For this demo, we got a DSL connection that can be disconnected to illustrate the offline capability of the system. See the cable hanging out of the wall to the left of the left big screen. (A part of the swarm is in the cloud (EC2) and used to publish new app versions or work instructions)
At real customer installations, they typically have a SDSL connection to the main office and to the internet. These can be quite slow, since manufacturing is usually in the countryside and not in a city center where you get decent speeds. IPFS provides a big benefit here, since we can get some large assets to 100s of devices without having to download from the cloud 100 times.
That I can do. It will be quite a long list though. Don’t get me wrong, all in all we are quite happy…
High level:
We would love to have a dependable roadmap about when the current parts of IPFS (specifically IPNS and pubsub) will become production ready. I took a big risk in recommending IPFS and a fully distributed approach instead of a more traditional centralized approach. I think going with a more distributed architecture will pay off, but it would be great to know that significant resources of protocol labs are dedicated to making the current features of IPFS rock-solid and stable. There is some concern that there are so many things to be worked out about filecoin that work on IPFS will be neglected.
We got a set of backup plans, e.g. using centralized MQTT instead of IFPS pubsub if pubsub is not production ready when we need it. But we would very much like to avoid using additional systems to reduce complexity and single points of failure.
Technical:
Currently, we are using IPFS just for distributing the application and large static assets. The data distribution functionality works reasonably well, with the caveat that the DHT seems to require a lot of bandwidth. The mDNS discovery also works well with android devices.
However, we have had a lot of problems with IPNS. First of all, publishing to IPNS and resolving IPNS names is frequently very slow. We also had some for now inexplicable issues where old/wrong hashes for IPNS names appeared. We will file a bug report once we have figured out what exactly is happening. It would be good to have a way to access the low level details such as sequence number etc. to troubleshoot this.
What we really want is the following:
- notification of IPNS updates (currently we are polling ipfs name every few minutes)
- recursive pinning of the hash pointed to by an ipns name, with unpinning of the old hash on update (currently we use
ipfs pin update
when we get a new hash for a name)
- a way to get notified whenever a new ipns entry is fully pinned (so we can only switch to e.g. a new version of an app when it is fully available locally (in case the device were to go offline in the next second))
- some way to only resolve an ipns name to the latest fully pinned hash
- ability to publish to a key/name when a device is offline (=has no peers)
- an app should be able to store its state on a device by publishing to a name, even while offline
ipfs name follow · Issue #4435 · ipfs/kubo · GitHub contains some good ideas to solve some of these points.
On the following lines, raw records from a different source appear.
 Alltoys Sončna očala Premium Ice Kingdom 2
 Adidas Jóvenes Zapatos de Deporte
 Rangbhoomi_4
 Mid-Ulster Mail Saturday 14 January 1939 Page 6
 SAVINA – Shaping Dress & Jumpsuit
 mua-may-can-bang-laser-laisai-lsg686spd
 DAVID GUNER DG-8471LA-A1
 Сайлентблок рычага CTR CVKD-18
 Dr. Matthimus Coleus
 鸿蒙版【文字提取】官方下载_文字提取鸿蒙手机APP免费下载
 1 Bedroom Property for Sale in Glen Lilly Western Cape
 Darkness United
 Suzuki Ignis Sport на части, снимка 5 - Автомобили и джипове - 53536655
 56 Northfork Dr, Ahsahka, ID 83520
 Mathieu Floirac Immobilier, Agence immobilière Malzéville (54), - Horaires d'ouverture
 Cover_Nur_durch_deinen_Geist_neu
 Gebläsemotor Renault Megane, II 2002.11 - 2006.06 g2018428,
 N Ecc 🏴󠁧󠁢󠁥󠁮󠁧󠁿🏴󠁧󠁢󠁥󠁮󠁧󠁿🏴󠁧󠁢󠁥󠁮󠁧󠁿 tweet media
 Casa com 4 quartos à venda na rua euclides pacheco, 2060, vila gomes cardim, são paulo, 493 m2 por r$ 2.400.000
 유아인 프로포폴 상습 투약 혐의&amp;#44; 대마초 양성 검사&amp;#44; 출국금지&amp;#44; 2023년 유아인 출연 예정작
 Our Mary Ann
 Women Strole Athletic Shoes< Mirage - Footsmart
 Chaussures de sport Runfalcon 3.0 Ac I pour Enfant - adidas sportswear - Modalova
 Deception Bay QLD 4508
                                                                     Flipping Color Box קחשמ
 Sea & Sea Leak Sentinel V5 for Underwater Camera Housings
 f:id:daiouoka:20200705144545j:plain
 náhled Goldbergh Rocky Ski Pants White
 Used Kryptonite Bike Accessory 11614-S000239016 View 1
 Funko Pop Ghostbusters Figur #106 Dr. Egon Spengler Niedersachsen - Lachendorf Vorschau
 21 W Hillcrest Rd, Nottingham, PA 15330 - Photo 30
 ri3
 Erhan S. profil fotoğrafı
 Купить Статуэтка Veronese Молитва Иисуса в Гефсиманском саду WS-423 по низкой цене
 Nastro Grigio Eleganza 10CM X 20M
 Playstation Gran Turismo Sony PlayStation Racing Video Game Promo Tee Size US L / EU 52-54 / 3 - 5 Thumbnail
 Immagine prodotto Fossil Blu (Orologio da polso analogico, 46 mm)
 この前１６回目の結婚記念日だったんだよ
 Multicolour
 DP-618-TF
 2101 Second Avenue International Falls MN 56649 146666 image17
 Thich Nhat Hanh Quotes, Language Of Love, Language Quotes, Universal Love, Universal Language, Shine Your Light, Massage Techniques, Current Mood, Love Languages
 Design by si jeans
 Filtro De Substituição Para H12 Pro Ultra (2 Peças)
For the communication between the devices, we would heavily rely on pubsub, and would urgently need a system that puts more effort into delivering pubsub messages. If I got the current situation correctly, if you have a topology a <-> b <-> c
, and just a and c are interested in topic X, they won’t be able to communicate. This will have to be changed, or else we will have to use MQTT. Obviously something more efficient than floodsub would be highly desirable, but with our relatively small swarms we might be able to live with floodsub initially.
What we don’t need and want are any delivery guarantees (order, at least once, at most once, exactly once) except for best effort. We would much prefer a quick, best effort UDP style system than some sort of TCP approach that would have significant overhead. Our system will be layered on top of pubsub and will ensure “eventual exactly once delivery” by publishing hashes of an event log, somewhat similar to what orbit db does. We also don’t have a need for auth or encryption. If we need encryption we would layer it on top of pubsub.
One more thing: it would be great if there was a guarantee that some sort of private swarm feature would eventually become non-experimental.
Not really. Support for Android P2P wifi would be very cool. But having the things that are currently there production quality and stable would be way more important in the medium term.
For a typical customer we are looking at 20-500 devices (devices are industrial android tablets for GUI terminals and industrial PCs for machine interfaces and interfaces to other on-premise systems (e.g. ERP)). For larger customers there usually are multiple sites, so that would be across NATs. For small customers there is just the usual NAT between the private network and the cloud.